That's right: I'm talking about Scala classes and their incredible conciseness. It's impossible to look at a class declaration in Scala without appreciating the loathing Scala authors feel for verbosity. Not a single keystroke is wasted in declaring a class like:

scala> class Greetings (var planet: String = "World") {
     |     def hello { println("Hello " + planet) }
     | }
defined class Greetings

scala> val world = new Greetings()
world: Greetings = Greetings@311f56a3

scala> val vulcan = new Greetings("Vulcan")
vulcan: Greetings = Greetings@82f60ce

scala> world.hello
Hello World

scala> vulcan.hello
Hello Vulcan

The Greetings class has one attribute called planet of type String with a default value of "World". The attribute can be modified during class instantiation, by passing one string to the constructor, like I've done for the Vulcan planet. The class features a method called hello which does exactly what you expect: it says "Hello world". Now, what's really intriguing of this syntax is its conciseness, its avoidance of every redundancy and verbosity. Scala creates for the planet attribute a pair of getter and setter behind the scenes. The getter is called like the attribute, while the setter has a funny name: planet_=

The reason for this name becomes clear if you know that Scala calls it when you use the attribute on the left hand of an assignment:

scala> vulcan.planet = "Romulus"
vulcan.planet: String = Romulus

scala> println(vulcan.planet)

scala> vulcan.planet_=("Remus")

scala> println(vulcan.planet)

So, I've used the implicit call first and the explicit call then. The second one, whilst correct, is never used. It's the kind of artifact that works better far from the eyes.
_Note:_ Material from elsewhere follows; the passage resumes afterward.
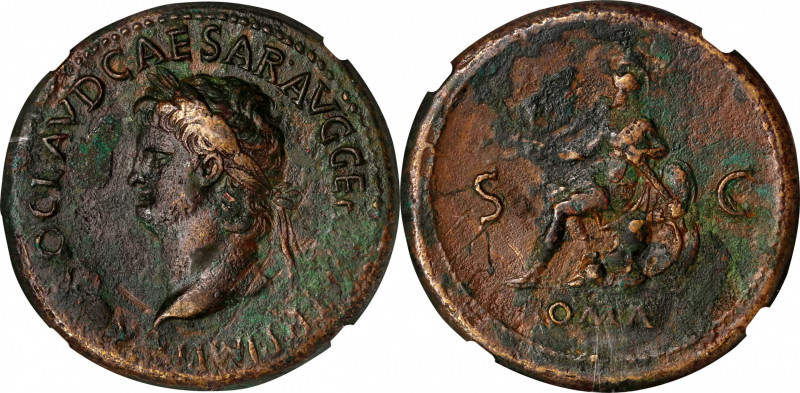 NERO, A.D. 54-68. AE Sestertius (25.87 gms), Rome Mint, ca. A.D. 65. NGC EF, Str...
But every Scalist must know about its existence to declare it in a class where its customization is required:

scala> class Person {
     |     private var privateAge = 0
     |     def age = this.privateAge
     |     def age_=(i: Int) { if (privateAge < i) privateAge = i }
     |     def this(startAge: Int) { this(); this.privateAge = startAge }
     | }
defined class Person

scala> val p1 = new Person
p1: Person = Person@e26db62

scala> val p2 = new Person(14)
p2: Person = Person@37748ba4

scala> p1.age
res1: Int = 0

scala> p2.age
res2: Int = 14

Here I've defined a class name Person which has a private field named privateAge which is accessed through the age getter and the age_= setter. The class has a primary constructor which is implicitly declared and an auxiliary constructor that accepts an integer parameter called startAge which initialize the age of the person. The p1 object has a starting age of 0, as declared by the implicit constructor (private var privateAge = 0). The p2 object instead has a starting age of 14, as specified in the call to the auxiliary constructor. Note that the auxiliary constructor starts by calling the implicit constructor with this().

Now, if I try to assign to a Person an age lower that its current, the assignment is silently discarded:

scala> val keepGrowing = new Person(14)
keepGrowing: Person = Person@5e4c689e

scala> keepGrowing.age = 10
keepGrowing.age: Int = 14

The age_= method avoided setting an age of 10 to a 14 years old person.